At bottom, the exemption comes down to not wanting judicial inquiry into, or control over, church doctrine and how churches function in the creation and transmission of that doctrine. The instinct to call this jurisdictional (in the sense of judicial subject-matter jurisdiction) comes from our discussion of all of this as discomfort with judicial inquiries/remedies, etc. But that is the rhetorical error. In fact, it really is a discomfort with secular law inquiring into matters of church doctrine, teaching, etc. We think in judicial terms only because that is where application of secular legal rules occurs. But, taken seriously, we are just as uncomfortable with a body other than a court (say, an executive agency or a legislative committee) making the same inquiries. The point is that we (at least those who support the exemption) do not want the legal inquiry into church practices.

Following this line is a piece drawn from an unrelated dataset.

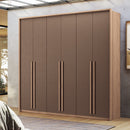 Guarda-Roupa Casal 6 Portas Bater 4 Gavetas Genova Santos Adira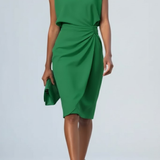 Vestido Vieri Elegante e Drapeado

The issue as to the ministerial exemption, I would argue, is one of legislative or prescriptive jurisdiction--the authority of secular legal rulemakers (in this case Congress) to enact rules that reach and regulate churches and doctrinal matters such as ministerial hiring. The exemption represents a First Amendment limitation on the authority of Congress to enact employment-discrimination laws (Title VII, ADA, etc.), where those laws regulate certain church practices. It is a limit, in other words, on the scope of the substantive law that Congress has enacted or can enact. The debate over the scope of the exemption is a debate over what conduct federal employment discrimination law reaches. That, the Court insisted just last term, is the same as asking what conduct some law prohibits, which is a merits question.To determine the scope of the exemption (the debate which Rick, Chris, Marci Hamliton, Caroline Mala Corbin, et al., are engaged) is to determine the scope of Title VII, the ADA, ADEA, etc; the broader the First Amendment-imposed exemption, the narrower the protection of employment-discrimination law, and vice versa. If the exemption is absolute, then federal law provides no protection; if the exemption is narrowedm federal law provides some protection. But the question is always about the scope and reach of existing federal law. The effect on the judiciary that Chris describes is incidental to the limit on the scope of substantive law. Courts cannot make the inquiry because there is no exisinting secular law on which to make the inquiry or against which to measure the conduct of the churches.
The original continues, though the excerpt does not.